**Task to complete**
The data must be given again exactly as written, with all images omitted.

**The data**

=== Section Start ===

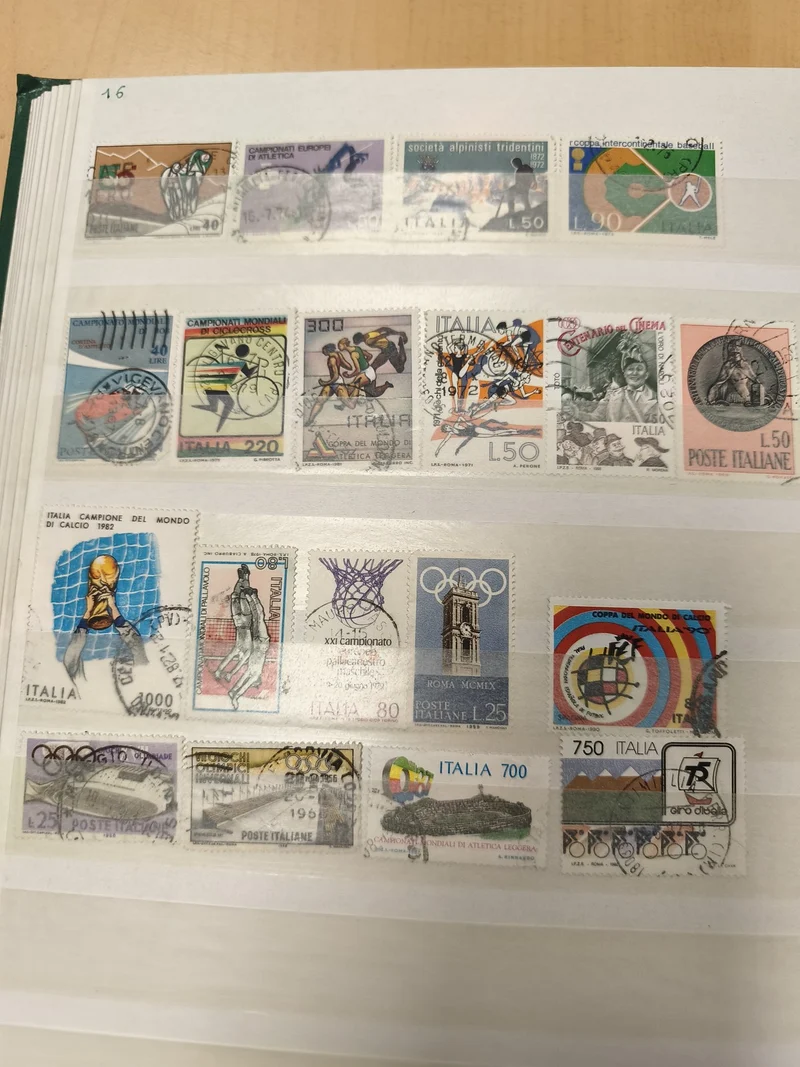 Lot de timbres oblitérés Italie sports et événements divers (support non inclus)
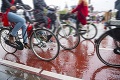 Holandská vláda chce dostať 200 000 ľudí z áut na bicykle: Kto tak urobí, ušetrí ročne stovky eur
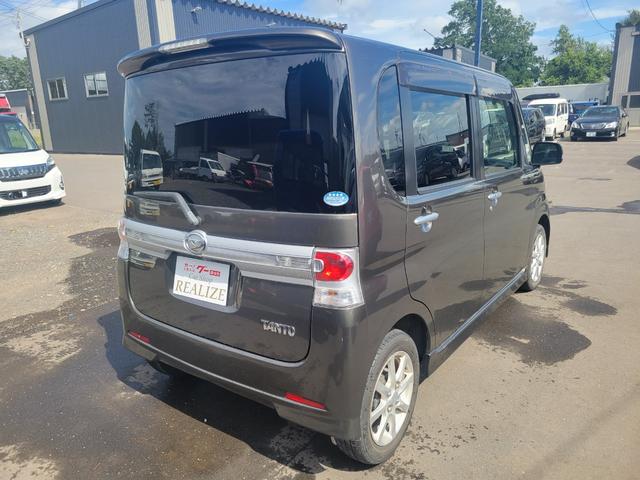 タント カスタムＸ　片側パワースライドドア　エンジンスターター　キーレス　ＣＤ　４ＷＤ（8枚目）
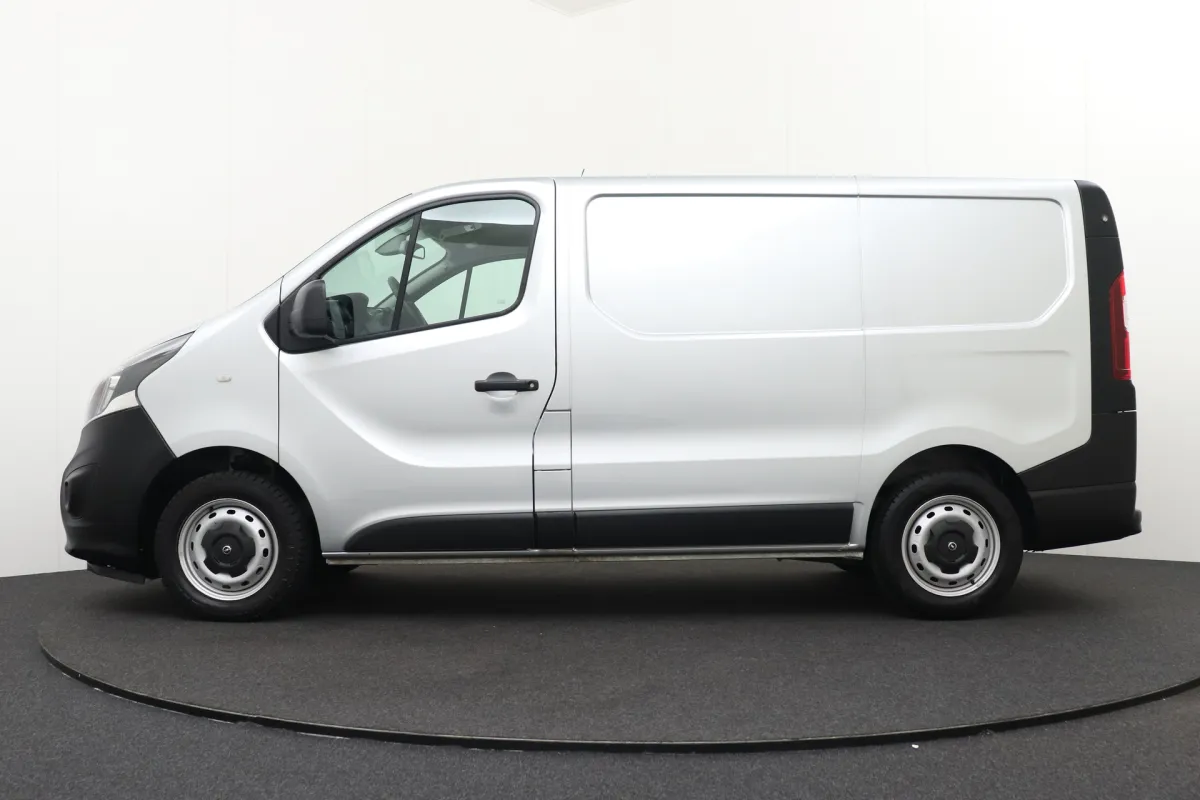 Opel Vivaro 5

=== Section End ===

**Answer**
 Lot de timbres oblitérés Italie sports et événements divers (support non inclus)
 Holandská vláda chce dostať 200 000 ľudí z áut na bicykle: Kto tak urobí, ušetrí ročne stovky eur
 タント カスタムＸ　片側パワースライドドア　エンジンスターター　キーレス　ＣＤ　４ＷＤ（8枚目）
 Opel Vivaro 5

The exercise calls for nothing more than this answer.